The ruling is likely to be of particular relevance to mis-selling cases, for example in the financial sector. It may provide another potential avenue of challenge for dissatisfied investors. However, Lord Justice Lewison went out of his way to note that “It will always be open to a contracting party seeking to rely on such a clause to establish that it was reasonable: and in cases involving the sale of complex financial products to sophisticated investors it may well be”. This clarification is useful but parties should carefully consider their non-reliance wording, in the commercial context that it is used, to make sure it is defensible. Market practice is likely to be an important factor in this regard. This assessment will be particularly important when dealing with less sophisticated counterparties. The onus will be on the party relying on the clause to show it is reasonable.
It is also worth noting that even if a non-reliance clause is not effective to exclude liability, it may still be of evidential assistance in fighting a misrepresentation claim. This is the case where non-reliance wording is included in a document that precedes the formation of the contract (such as a term sheet or information memorandum). Lord Justice Leggatt pointed out that a court could take such wording into account in assessing whether there was in fact a misrepresentation and whether it was relied on.

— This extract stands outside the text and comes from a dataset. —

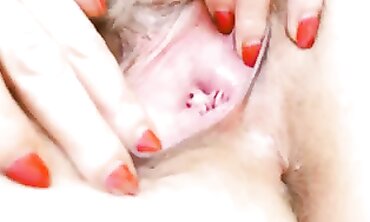 MissTessy: Busty Mom's Hairy Crevasse Fisting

If a party has been told that it cannot rely on the information it will be harder for them to prove that they in fact did.
Finally, the case is also a pertinent reminder that when trying to limit or exclude your liability very clear drafting of the exclusion is important. The trustee landlords should have explicitly referred non-contractual liabilities when limiting their liability to the trust assets. Meanwhile, Lord Justice Leggatt also expressed some doubt as to whether using the formulation “acknowledges” in the non-reliance clause was effective to clearly express an intention to give up any right to assert that it relied on a representation. This view appears to conflict with the Court of Appeal's decision in Springwell v JP Morgan and so should be treated with caution. However, given that you cannot avoid being subject to the reasonableness test, there is no reason not to draft the clause explicitly.